A porta abriu-se e de lá saiu Felícia, que ficou especada a olhar para mim. Vinha com uns calções rasgados e um top preto, que dizia “F*ck Off”, a rosa choque, e uns ténis desabotoados como sempre.

- Estás acordada! – Disse, surpresa – Desculpa, pensava que estavas… bem, tu sabes… - sim, eu sabia. Ok, o momento do silêncio constrangedor chegou, e ambas ficámos sem nada para dizer – Vinha ver se o Danny precisava de alguma coisa, mas já que não está cá, bem… estou feliz que estejas bem Eleanor.

- Obrigada… - deu meia volta e ia sair, até que: - Felícia espera! – Voltou a virar-se para mim – Não digas ao Danny mas… não quero lá muito ficar sozinha… - e mordi o lábio. Ela sorriu-me – Importas-te de me fazer companhia?
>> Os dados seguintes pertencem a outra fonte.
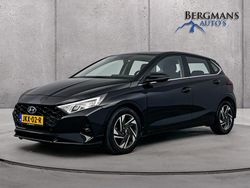 Zwart Gebruikt 2022 Hyundai i20 Comfort Hatchback | € 19.800 (Eerlijke prijs)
Ela revirou os olhos e fechou a porta, com um sorriso meio escondido. Sentou-se na cadeira e cruzou as pernas.

- Companhia da arqui-inimiga, hã? Não tens medo que te vá envenenar? – Gozou.

- Não… ouve, eu queria pedir-te desculpa. – E por um lado é verdade, ela merece um pedido de desculpas… não vou dizer que gosto dela, seria uma mentira redonda, mas o Danny gosta, por isso eu ao menos vou tentar descobrir o que há nela que valha a pena apreciar - Julguei-te desde a primeira vez que vi, a verdade é que nem te dei o benefício da dúvida… por isso, desculpa.

- Oh, não faz mal, até acertaste. Consigo ser uma verdadeira cabra às vezes.

Sorri.

- Pois, bem, aparentemente não és a única – ela também se riu.

- Eu não peguei leve contigo, e tenho que admitir que quando soube que eras a namorada do Danny, fiquei para morrer. Mas quero que saibas que nós nunca tivemos nada entre nós, e mesmo que eu quisesse, que não quero, não tinha oportunidade nenhuma. Ele só tem olhos para uma rapariga… consegues descobrir quem é?

- Consigo – disse-lhe, corando – Obrigada.

- Bem, suponho que consigo ao menos esforçar-me para não te detestar tanto, Eleanor – disse-me.

- Acho que conseguimos fazer isso. E não me chames Eleanor, eu detesto.

- Eu sei – e imitou uma voz maléfica ao dizê-lo.

Isto ia ser uma dor de cabeça enorme, mas eu estava disposta a tentar. O Danny gosta dela, por isso, porque não hei-de eu de gostar? Não perco nada por lhe dar uma chance.

- Vê quem eu encontrei – disse Michael, ao abrir a porta, deixando-me ver Danny por trás dele – Felícia?!

- O que é que estás aqui a fazer? – Perguntou-lhe o meu amor, surpreendido – E vocês estavam a… rir? Ok, o que é que se passa?

E de novo Felícia e eu desatámo-nos a rir, deixando os rapazes completamente à nora.